Pela primeira vez em 30 anos, a apuração não teve as notas anunciadas por Antônio Pereira da Silva, o Zulu. A voz do carnaval paulistano se aposentou e foi substituída pela locutora Eloise Matos, na estreia de uma mulher nessa função.
As escolas foram avaliadas em nove quesitos, com quatro jurados para cada. O primeiro quesito a ser anunciado, a Evolução, já contou com diversas escolas com notas inferiores a 10, de modo que seis despontaram com pontuação máxima (Barroca Zona Sul, Dragões da Real, Mocidade Alegre, Acadêmicos do Tatuapé, Acadêmicos do Tucuruvi e Império de Casa Verde).
Chamou a atenção que o envelope não trazia a nota de uma jurada para a Império de Casa Verde. Desse modo, foi aplicada uma norma prevista no regulamento, a partir da média das demais avaliações: como tinha recebido duas notas 10 e uma 9,9, ficou com uma quarta nota 10, com 30 pontos ao total (dado que a menor é descartada).

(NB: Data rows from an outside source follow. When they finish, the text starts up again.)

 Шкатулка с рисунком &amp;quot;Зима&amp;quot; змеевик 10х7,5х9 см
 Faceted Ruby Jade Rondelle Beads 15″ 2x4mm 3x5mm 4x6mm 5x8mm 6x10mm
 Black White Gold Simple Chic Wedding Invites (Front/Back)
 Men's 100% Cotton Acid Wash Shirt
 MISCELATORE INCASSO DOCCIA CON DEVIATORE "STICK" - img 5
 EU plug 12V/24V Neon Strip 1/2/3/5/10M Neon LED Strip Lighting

A partir de Comissão de Frente, a disputa afunilou e seguiram em primeiro lugar, com 60 pontos: Dragões, Mocidade e Tatuapé. As três continuaram dividindo a liderança no quesito seguinte, Fantasia, com 90 pontos.
A partir de Enredo, a disputa afunilou, entre Dragões e Mocidade Ambas seguiram com nota máxima na apuração parcial após a leitura das notas de Samba-Enredo, com 150 pontos, mediante o descarte das menores notas de cada quesito.
Na sequência, foi a vez de Bateria, na qual ambas seguiram no topo, com um total de 180 pontos. O próximo quesito foi Alegoria, igualmente com as duas escolas na ponta e com notas máximas (após os descartes), com 210 pontos.
O penúltimo quesito foi de Mestre Sala e Porta Bandeira, na qual ambas seguiram dividindo a liderança, com 240 pontos. Por fim, ocorreu a leitura das notas de Harmonia.
Neste ano, os jurados acompanharam os desfiles de cabines, não mais nas torres. Também ocorreram algumas alterações nas normas de avaliação das notas. A apuração do Grupo de Acesso 1 começa às 18h, com o anúncio da campeã e vice-campeã, que desfilarão no grupo especial no próximo carnaval. O desfile das campeãs está marcado para o sábado, 17.